Jornalistas brasileiros tentaram entrevistar o presidente quando ele saiu para caminhar pelas ruas de Roma na noite de domingo, mas foram afastados e agredidos por agentes de segurança à paisana, que não quiseram se identificar.
"Não te devo satisfação, rapaz", respondeu ao repórter do UOL que questionou sobre sua ausência na COP26, conferência climática considerada a mais importante desde o Acordo de Paris, em 2015.
Durante os três dias em que Bolsonaro esteve em Roma, a Secretaria de Comunicação da Presidência não respondeu a pedidos dos repórteres de que o presidente desse uma entrevista coletiva organizada, nem ao menos de que desse uma declaração sobre suas impressões das reuniões em que representou o Brasil.
A dificuldade de comunicação dos brasileiros destoa da de outras delegações. "Claro que há sempre uma tensão entre os jornalistas e a assessoria sobre quanto acesso os repórteres conseguem ter a ele.
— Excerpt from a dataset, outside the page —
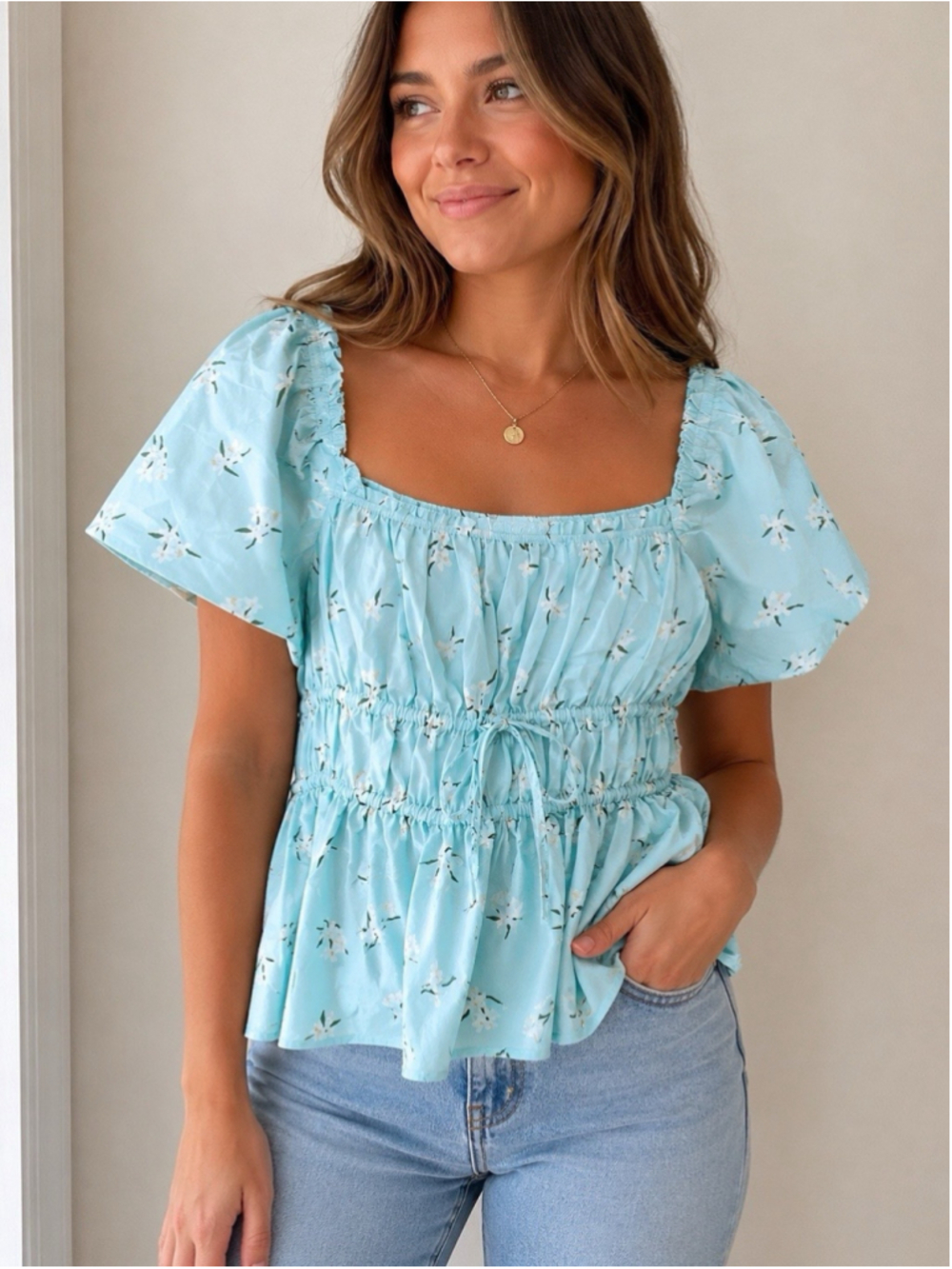 Kate Spade Floral Puff Sleeve Peplum Blouse Top Aqua Blue Women’s XL
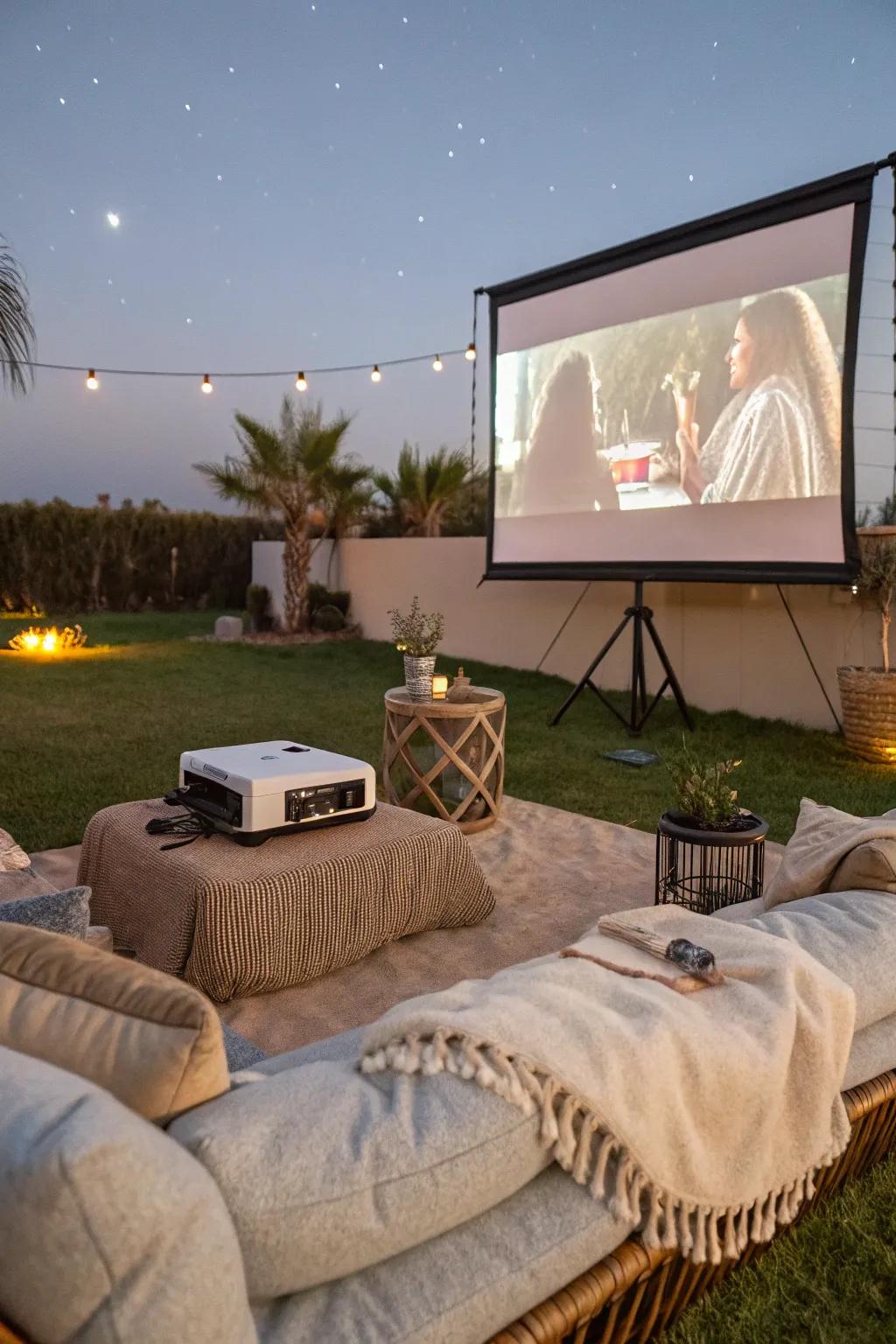 Enjoy a movie night under the stars in your outdoor man cave.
Jornalistas sempre querem mais. Mas a assessoria entende que precisa providenciar ao menos um acesso razoável a ele e a alguns de seus ministros", diz o canadense McGregor.
Segundo ele, há assessores encarregados de facilitar o acesso dos jornalistas ao premiê. Eles fornecem a agenda detalhada com dois dias de antecedência e fazem resumos das reuniões e conversas, embora muitos sejam considerados pelo repórter como "decepcionantes pela falta de detalhes". "Nessas horas, comparamos com o resumo feito pela equipe do líder com quem ele se encontrou."
O francês De Galzain afirma que, caso falte alguma informação sobre agenda ou posicionamento de Macron, seus assessores sempre respondem a pedidos de esclarecimento. "E fazem isso com rapidez."
No caso brasileiro, ao menos seis perguntas do jornal Folha de S.Paulo feitas diretamente à Secom --de detalhes da agenda a pronunciamentos sobre questões específicas-- foram ignoradas e telefonemas não foram atendidos.
Uma questão sobre quem eram os agentes que faziam a segurança do presidente quando jornalistas foram agredidos e sobre se o governo gostaria de se pronunciar sobre isso está sem resposta desde as 20h28 deste domingo.